Depois fui crescendo e meu interesse pelo São João se modificando. Passei a me interessar pelas “adivinhações”, pra saber com quem eu iria me casar. Assim que dava meia-noite, lá estava eu, em frente a uma bacia cheia d´água, com uma vela acesa na mão, vendo os pingos de cera caírem lentamente na bacia, esperando, ansiosa, que eles formassem a letra do "meu interesse”. Mas nem sempre São João me atendia. Ou não aparecia letra nenhuma ou então era eu quem não entendia a linguagem dele... Da última vez que fiz isso, torci pra que saísse uma letra “D”. Mas a letra que se formou foi um “A”. Fiquei tentando me convencer de que aquilo não era, propriamente, um “A”, mas apenas um “D” malfeito... Mas qual o quê! O “A” era tão perfeito que não restavam dúvidas. Passei o resto da noite com raiva de São João... (Sorte minha, pois no ano seguinte, acabei casando com um “A”...)
Lembro também de um São João completamente diferente que passei em Niterói.

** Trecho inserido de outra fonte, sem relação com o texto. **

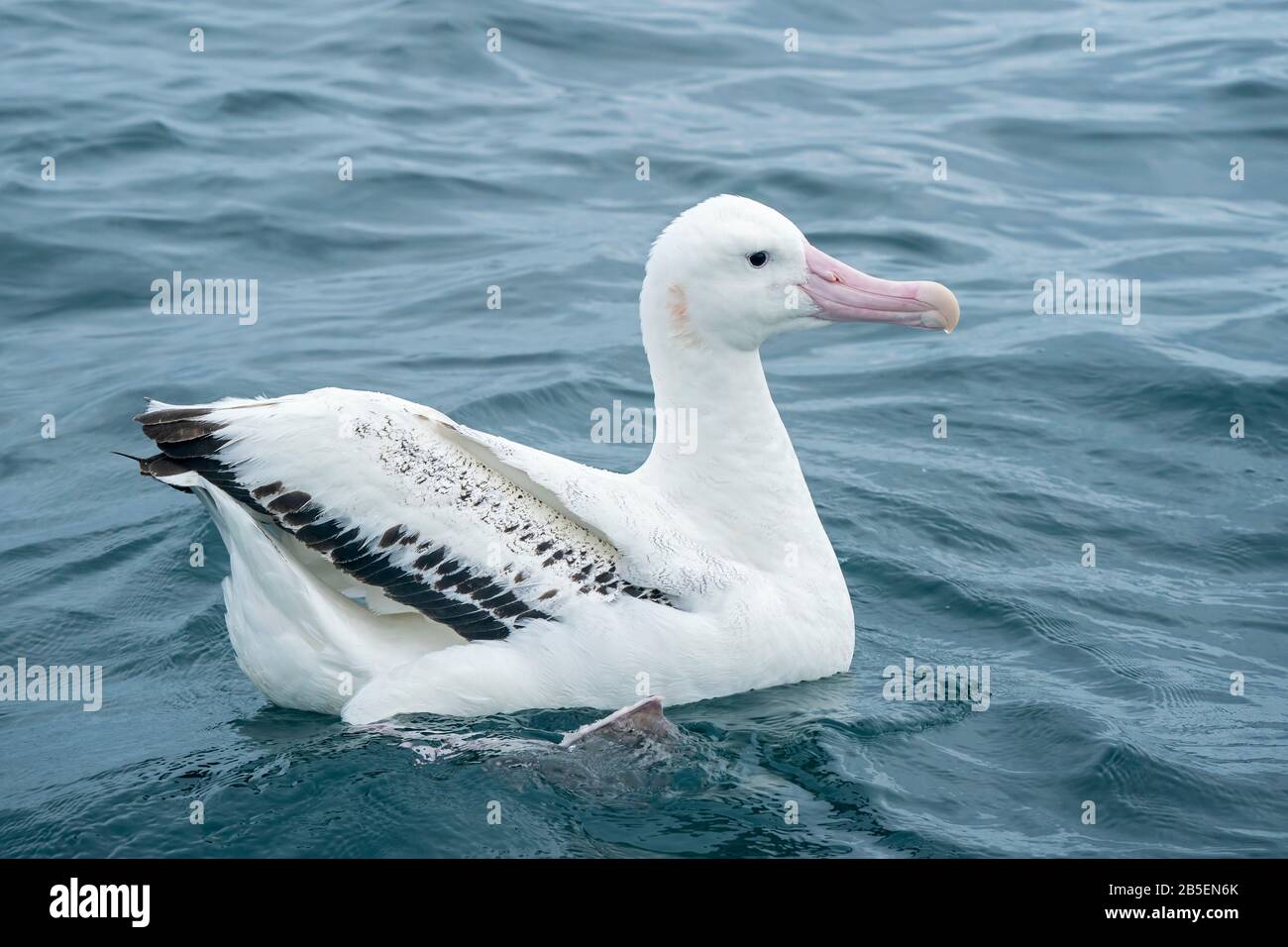 wandering albatross, Diomedea exulans, adult feeding while swimming on sea, Kaikoura, New Zealand Stock Photo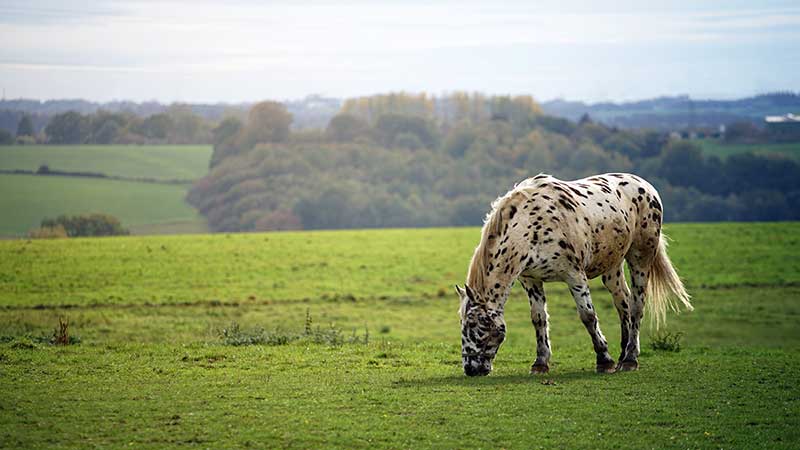 How Do Horse Supplements Work With Forage?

Em vez de fogueira na porta, bandeirinhas e fogos, a diversão dos adolescentes consistia em confeccionar e soltar balões, uma brincadeira bastante perigosa, mas que ainda não se constituía “crime”. Durante quase um mês, a turma se reunia na casa de um deles e o trabalho se dividia. Uns cortavam papéis de seda coloridos, outros colavam, outros se encarregavam dos enfeites e assim por diante. Aos poucos, o imenso balão ia tomando forma e ficando cada vez mais bonito. Depois de pronto, era hora de tirá-lo de casa e se preparar para acendê-lo e soltá-lo. Confesso que foi um dos espetáculos mais bonitos que já presenciei! Assim que ele começava a subir, eis que dezenas de bicicletas disparavam atrás, rumo ao provável local da queda, para tentar recuperar algumas partes do balão, antes que outros grupos o fizessem primeiro.
De lá pra cá, muita coisa mudou. O número de casas diminuiu muito e, consequentemente, o número de fogueiras e cadeiras nas calçadas também. Os balões foram proibidos, mas os fogos continuam sendo comercializados livremente, embora o número de queimados nos hospitais continue crescendo a cada ano. O clima bucólico de que eu tanto gostava desapareceu por completo. No seu lugar, uma enxurrada de músicas de ritmo estridente e dança erótica, que em nada lembram os forrós de antigamente. Até a quadrilha mudou. Já não reconheço os passos de antes e me causa estranheza esse jeito de dançar de hoje. As pessoas se sacodem tanto que parecem que estão dentro de um liquidificador...
Mas a julgar pelo número cada vez maior de festas juninas e pela disputa das cidades que querem, a todo custo, atribuir para si o título de “Melhor São João do Brasil”, acho que estou sobrando. Eu e minhas saudades. Resta-me uma pergunta: mudou o São João ou mudei eu?